Origination theories to one side, it is much easier to (roughly) chart music's development through instruments. A 60,000-year-old bear femur at the National Museum of Slovenia is believed by some to be a flute, though this has been strongly contested. The oldest undisputed instruments are bone flutes found in German caves, some of which are dated as being approximately 42,000 years old. Alongside flutes and various wind instruments, drums, rattles and other forms of percussion were the most common musical tools of prehistoric humanity and have been discovered across the world, from Europe to China.
Stringed instruments like the lyre and harp emerged at least 4,000 years ago, several centuries before the earliest surviving written music — the Hurrian songs of Ugarit (now northern Syria) — was inscribed in cuneiform tablets circa 1,400 BC.
Rewriting the score: pianos and copyrights
The evolution of musical forms from the time of the Hurrian songs to the Baroque period could fill its own library, but we turn our attention to the 18th century when two distinct developments changed music and IP forever.

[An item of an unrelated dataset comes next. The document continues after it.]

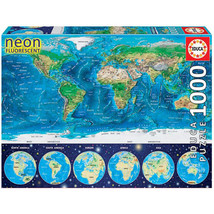 Educa Puzzle Collection 1000pcs - Neon World Map - $62.37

The first is the invention of Italian musician Bartolomeo Cristofori. Created in 1700, Cristofori's device was given several names that were variations on "gravicembalo col piano e forte," or "harpsichord with soft and loud." In Italian, this was abbreviated to "pianoforte," and eventually "piano" in English. Pressing the instrument's keys with varying levels of force caused hammers to strike strings, producing sounds of different volumes — something the harpsichord and other predecessor instruments could not do. The piano enabled virtuosos like Handel and Bach to write music of greater dynamic range that conveyed more complex, nuanced meaning. Also, it gave composers a tool that could be used to teach orchestra members their parts. In the subsequent Classical and Romantic eras, composers including Mozart, Beethoven and Chopin used the piano to innovate musical composition in ways still heard in today's popular music.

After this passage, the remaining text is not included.